===== Source material

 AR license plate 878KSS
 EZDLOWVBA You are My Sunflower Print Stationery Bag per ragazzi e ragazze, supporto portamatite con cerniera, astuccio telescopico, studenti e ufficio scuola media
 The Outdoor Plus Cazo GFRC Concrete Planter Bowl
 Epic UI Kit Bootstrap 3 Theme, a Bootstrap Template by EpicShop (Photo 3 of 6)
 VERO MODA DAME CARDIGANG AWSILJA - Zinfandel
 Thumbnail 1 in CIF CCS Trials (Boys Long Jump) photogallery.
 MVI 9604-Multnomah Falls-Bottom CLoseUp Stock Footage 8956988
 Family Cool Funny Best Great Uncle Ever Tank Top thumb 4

==========
===== Source material

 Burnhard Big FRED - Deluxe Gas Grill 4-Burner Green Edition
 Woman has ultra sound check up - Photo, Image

==========

### Activity
Both the line containing "EZDLOWVBA You are" and the line containing "The Outdoor Plus" belong in the answer. Print them and every line above that falls between them exactly, and no others.

### Problem solution
 EZDLOWVBA You are My Sunflower Print Stationery Bag per ragazzi e ragazze, supporto portamatite con cerniera, astuccio telescopico, studenti e ufficio scuola media
 The Outdoor Plus Cazo GFRC Concrete Planter Bowl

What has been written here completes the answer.